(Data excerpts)
---*---
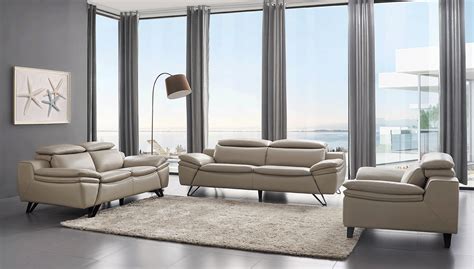 Grey Leather Contemporary Living Room Set Cleveland Ohio ESF-973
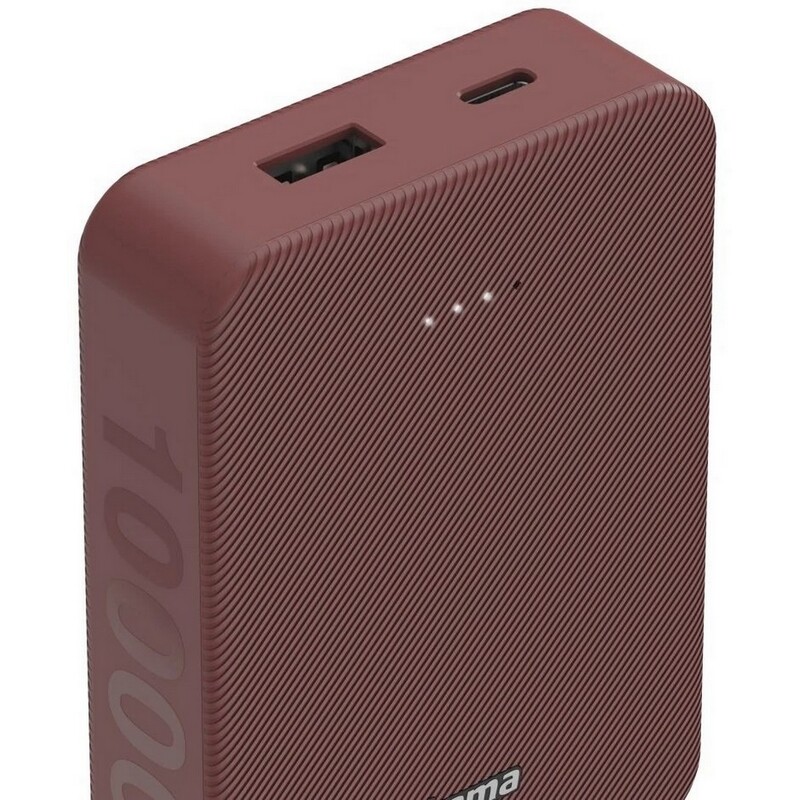 Універсальна мобільна батарея Hama 10000mAh 15W Red (00201714)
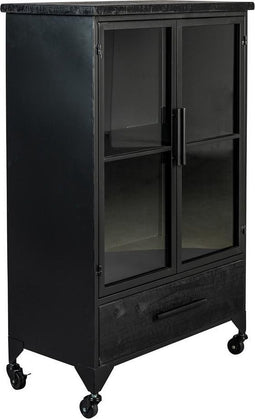 Feliz Lifestyle Ferre Kast op wieltjes Middel Hout/ Metaal Zwart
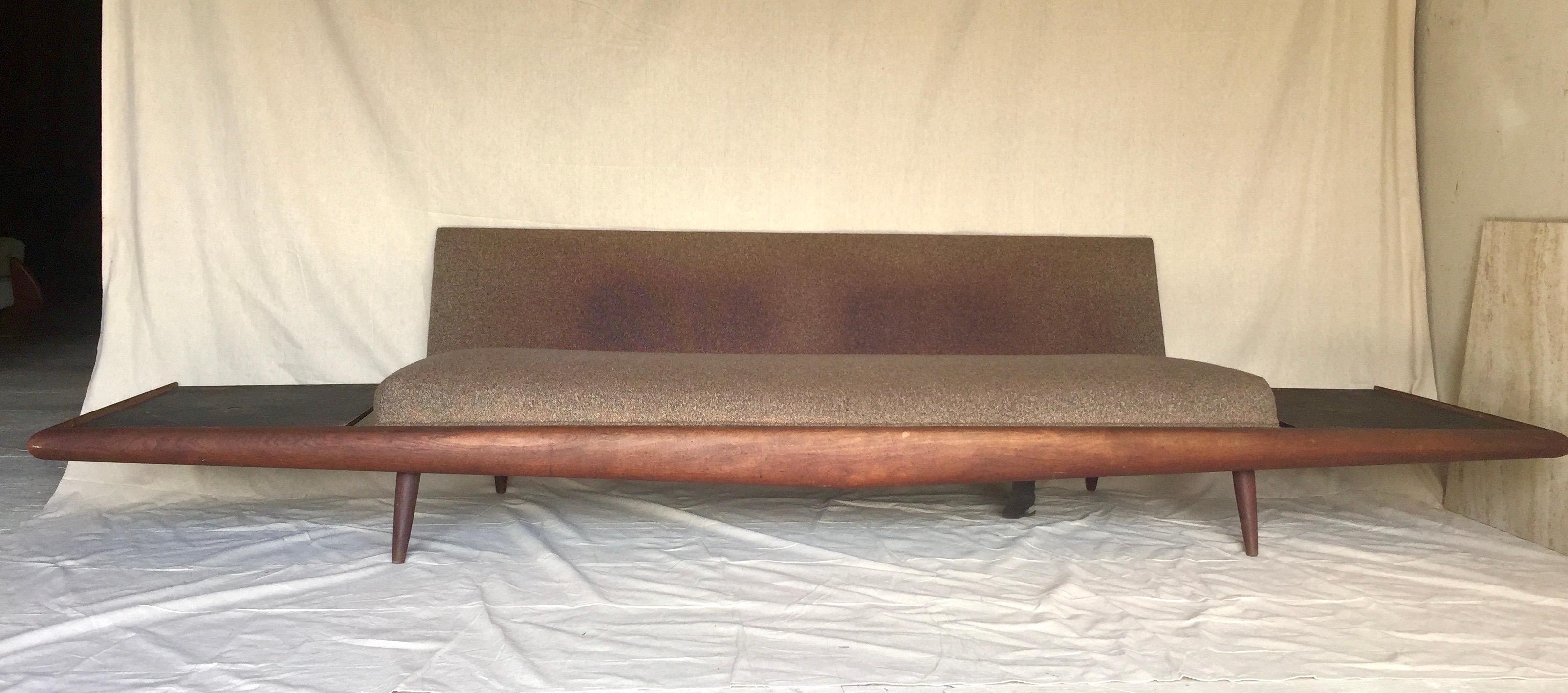 Mid-20th Century Adrian Pearsall Craft Associates X-Long Brown Sofa with Marble End Tables 889-S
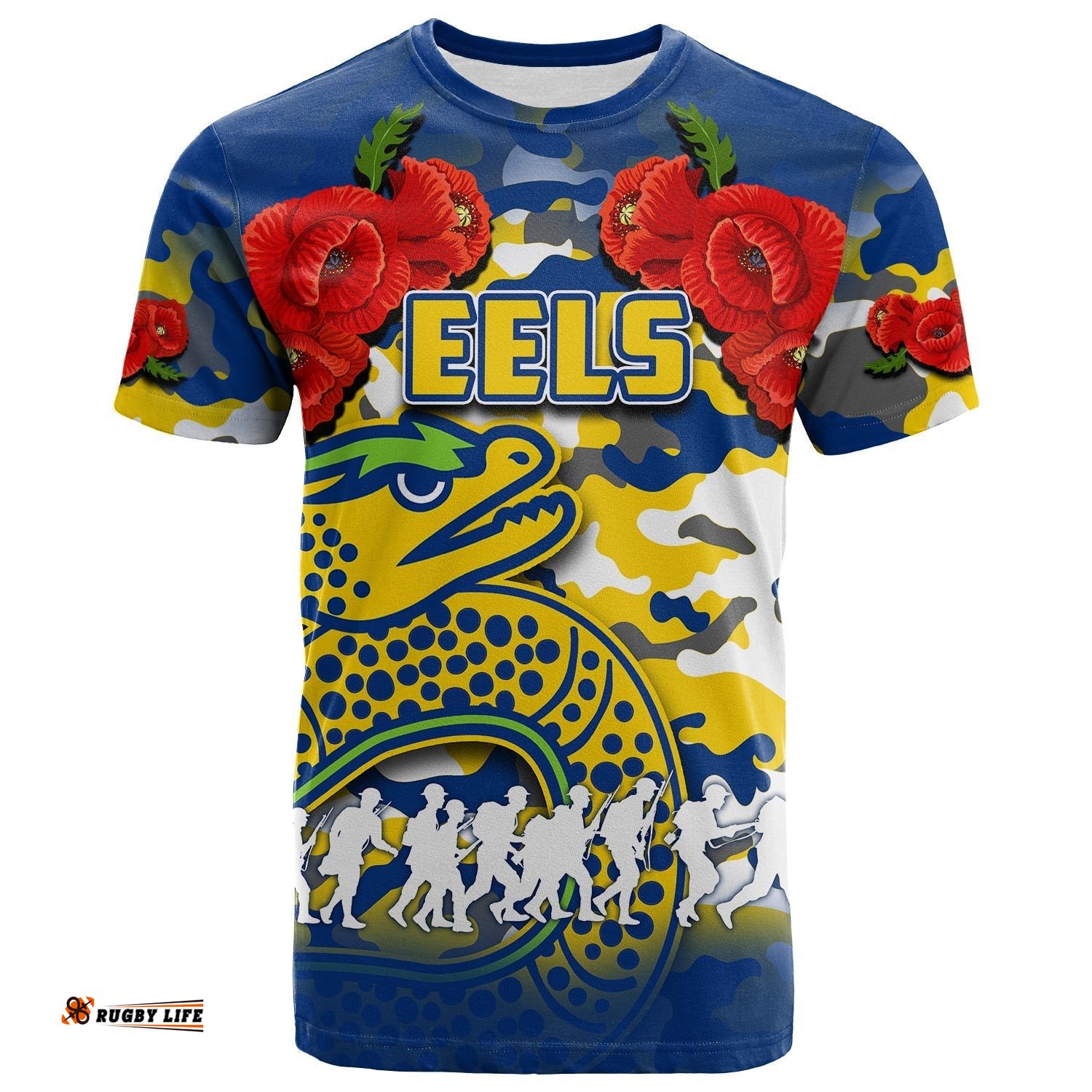 anzac day t shirt eels army style no2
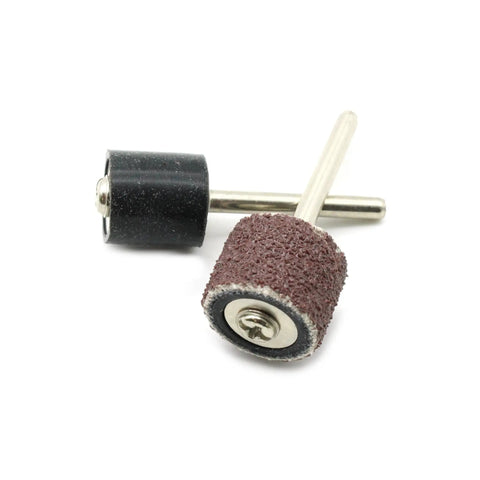 100 Pc Half Inch Sand Drum Grit 60 Coarse Kit With Two Mandrels And One Eighth Inch Shank For Dremel And Other Rotary Tools
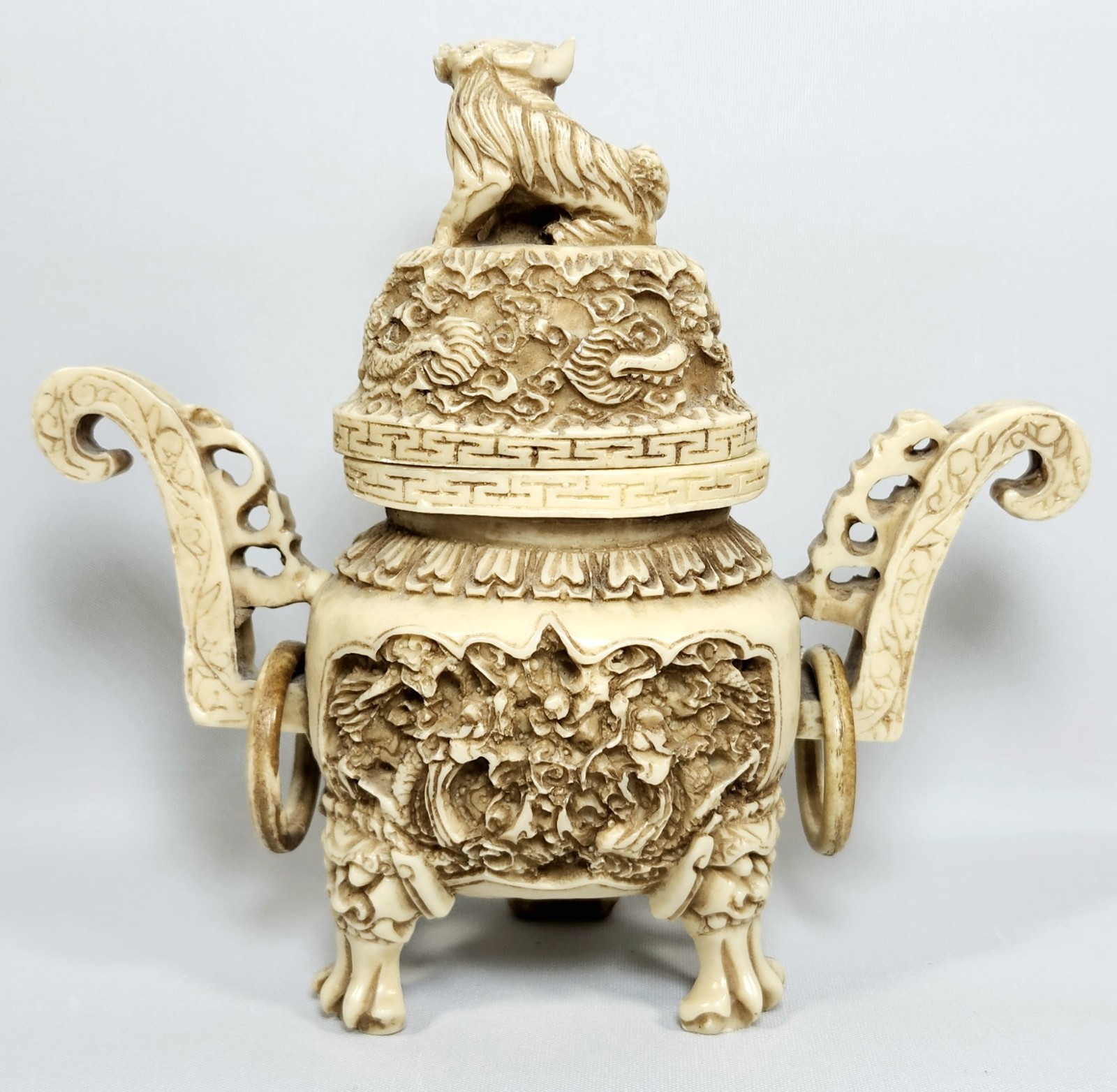 Vintage Chinese Dragon Carved Incense Burner with Lid | Resin? 5.5″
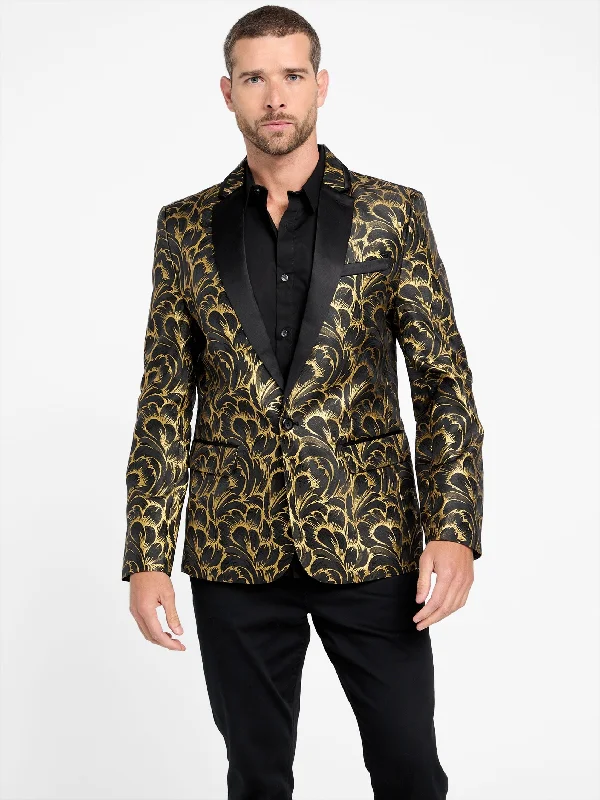 best men's suits for interviews -Phinaes Printed Jacquard Blazer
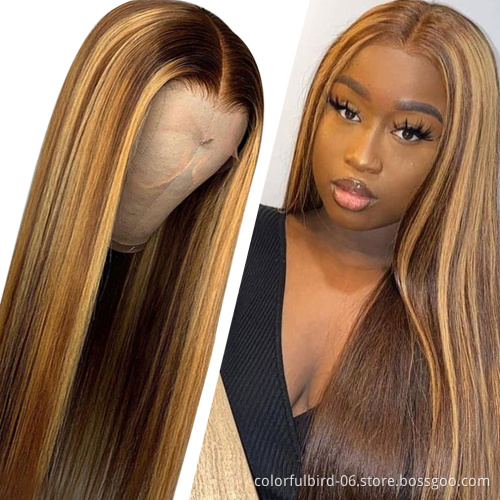 Highlight straight lace frontal wig 13x4 6x6 closureWig Humain Hair Ombre 4 27 Highlight Wig Peruvian Bob Wig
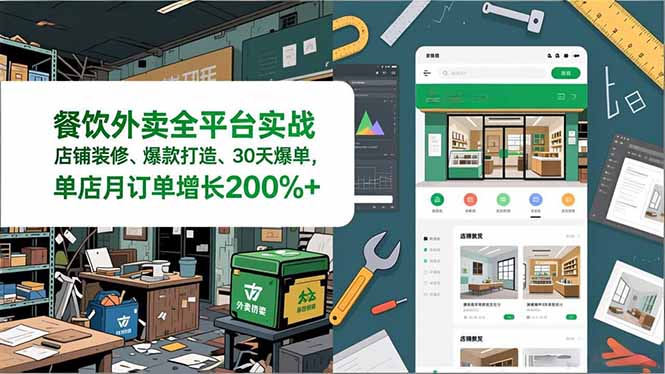 餐饮外卖全平台实战，店铺装修、爆款打造、30天爆单，手把手教学，单店月订单增长200%+-青年网赚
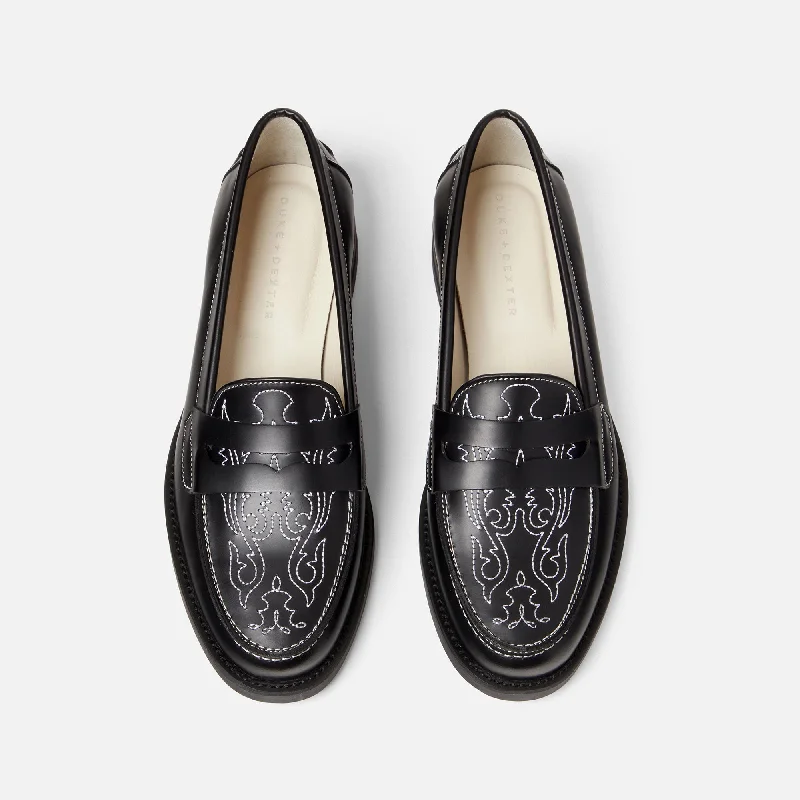 Women's Tassel - Trimmed Loafers with a Low Heel in Olive Green for a Trendy Twist Wilde Black Western Penny Loafer - Women's Women's Tassel - Trimmed Loafers with a Low Heel in Olive Green for a Trendy Twist Wilde Black Western Penny Loafer - Women's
---*---
Extract all the data above exactly, excluding every picture.

 Grey Leather Contemporary Living Room Set Cleveland Ohio ESF-973
 Універсальна мобільна батарея Hama 10000mAh 15W Red (00201714)
 Feliz Lifestyle Ferre Kast op wieltjes Middel Hout/ Metaal Zwart
 Mid-20th Century Adrian Pearsall Craft Associates X-Long Brown Sofa with Marble End Tables 889-S
 anzac day t shirt eels army style no2
 100 Pc Half Inch Sand Drum Grit 60 Coarse Kit With Two Mandrels And One Eighth Inch Shank For Dremel And Other Rotary Tools
 Vintage Chinese Dragon Carved Incense Burner with Lid | Resin? 5.5″
 best men's suits for interviews -Phinaes Printed Jacquard Blazer
 Highlight straight lace frontal wig 13x4 6x6 closureWig Humain Hair Ombre 4 27 Highlight Wig Peruvian Bob Wig
 餐饮外卖全平台实战，店铺装修、爆款打造、30天爆单，手把手教学，单店月订单增长200%+-青年网赚
 Women's Tassel - Trimmed Loafers with a Low Heel in Olive Green for a Trendy Twist Wilde Black Western Penny Loafer - Women's Women's Tassel - Trimmed Loafers with a Low Heel in Olive Green for a Trendy Twist Wilde Black Western Penny Loafer - Women's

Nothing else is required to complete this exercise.